When it comes to how the average person deals with these changes the emphasis is placed on how they directly affect your experience while on or around the lakes. The increase in temperature, especially the general increase in sunlight, can have significant impacts on the surfaces of docks and other steel and aluminum equipment you may be using, like your boat lift. Most materials are prone to expansion and contraction as the ambient temperature changes; leading to unpleasant encounters with hot surfaces or maladjusted equipment.
One solution may be to change out your standard aluminum dock surface with one of the “cool” dock options now available.
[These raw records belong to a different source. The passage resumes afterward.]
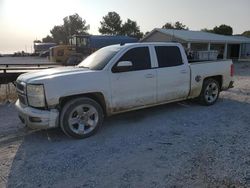 Chevrolet Silverado c1500 lt salvage cars for sale: 2014 Chevrolet Silverado C1500 LT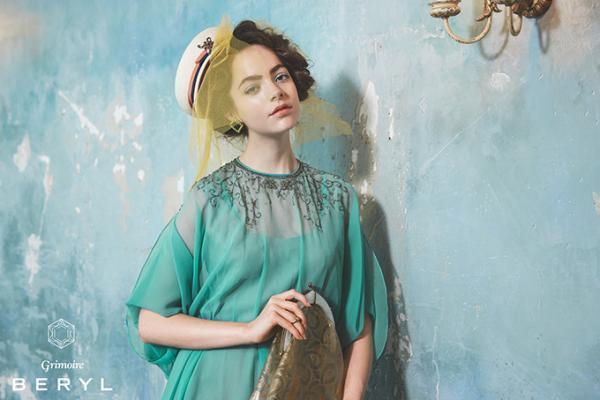 グリモワールの新コンセプトショップ「グリモワール・ベリル」渋谷にオープン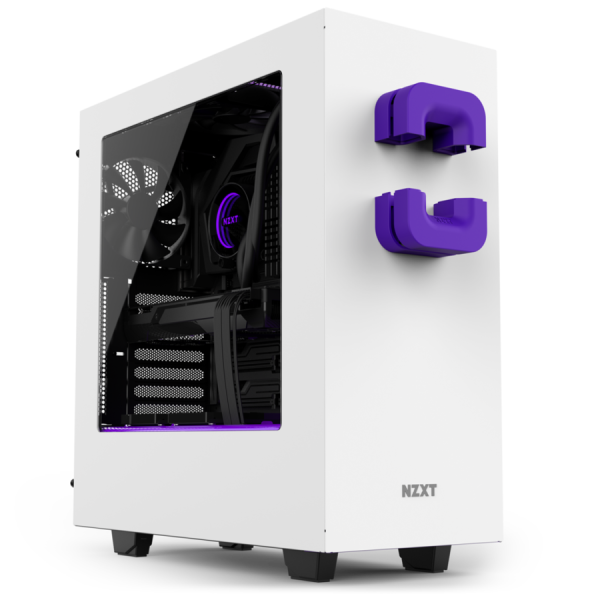 Поставка за слушалки NZXT Puck Purple BA-PCKRT-PP 4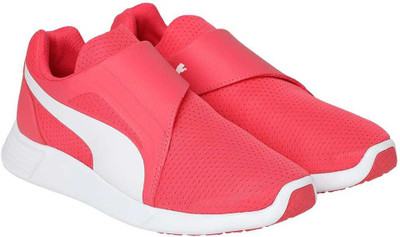 

Puma Boys & Girls Velcro Sneakers(Pink, Paradise pink- white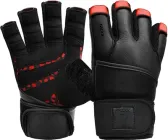 Рукавички для фітнесу RDX L7 Micro Plus XL Red/Black (WGL-L7R-XL+)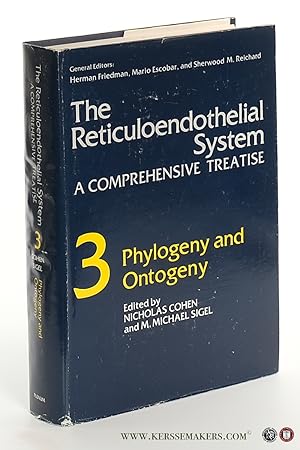 Immagine del venditore per The Reticuloendothelial System: A Comprehensive Treatise. Volume 3. Phylogeny and Ontogeny. venduto da Emile Kerssemakers ILAB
There are anodized aluminum docks that are designed to mitigate high levels of direct sunlight, as well as molded decking options, particularly from Thru Flow, that stay relatively cool and dry regardless of the weather.
With the general decrease of water levels many are having to find ways to get out onto the water from there often high and dry docks. One solution is to install a gangway that can bridge the distance, getting you over that newly created, and often mucky space that has opened up between you and the water. You’re likely to find that the primary option out there is an all aluminum gangway that is still subject to the effects of high sunlight, however, some of these options can be modified to use use a porous style composite decking made from plastic and fiber glass, which allows air and sunlight to pass through resulting in a cooler dock surface, making this transition far more comfortable.
These changes that have been sweeping into the Great Lakes Basin are likely to become the new normal, so any adjustments or investments you make will likely pay for themselves as we move ahead. The lower water levels, higher temperatures, and as will be discussed in a future article, heavier and stronger storm frequency, are here to stay, at least for a while, and getting started now with the necessary adjustments is your best bet to weather these uncertain times.